The SkipJoin temporal join algorithm is a variant of the standard high-performance internal-memory forward-scan algorithm for joining sorted arrays of events (intervals with a start and end time). SkipJoin improves on forward-scan algorithms by providing efficient support for windowed joins and for skewed data. To support SkipJoin, we also provide the Stab Forest temporal index structure. This index structure supports highly-efficient stab-queries and multi-stab-queries (which retrieve events active at given points in time) and efficiently supports append-only operations.

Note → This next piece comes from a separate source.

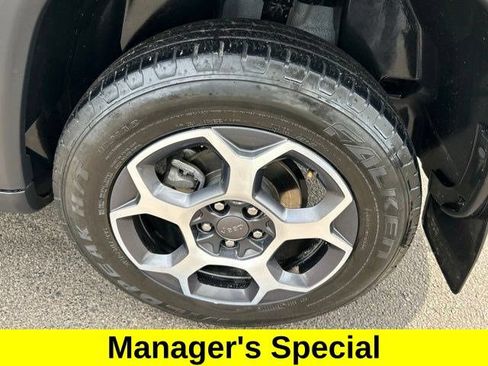 Used 2022 Jeep Compass Trailhawk w/ Trailhawk Elite Group AWD/4WD image 52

The implementation of SkipJoin and of the Stab Forest is in C++14 and is tested using two modern C++ compiler, namely Microsoft C/C++ Compiler Version 19.13.26132 for x64 (part of Visual Studio 2017) and GNU g++ 8.1.0. The code should work with any sufficiently standard-compliant C++ compiler. Some of the supporting scripts are implemented using Java (any modern java compiler should suffice). The implementation is available for public use under the BSD-license (license details included in the source files):
In our experiments, we used the Airline On-Time Performance Data (AOTPD) dataset and the Civil Unrest Event Data (CUED) datasets. The raw datasets used have a total size of approximately 2.5GB. Hence, we do not provide copies of these datasets here. Instructions on how to build the datasets is provided with the source code. Furthermore, we have offline backups of the datasets that can be provided upon request.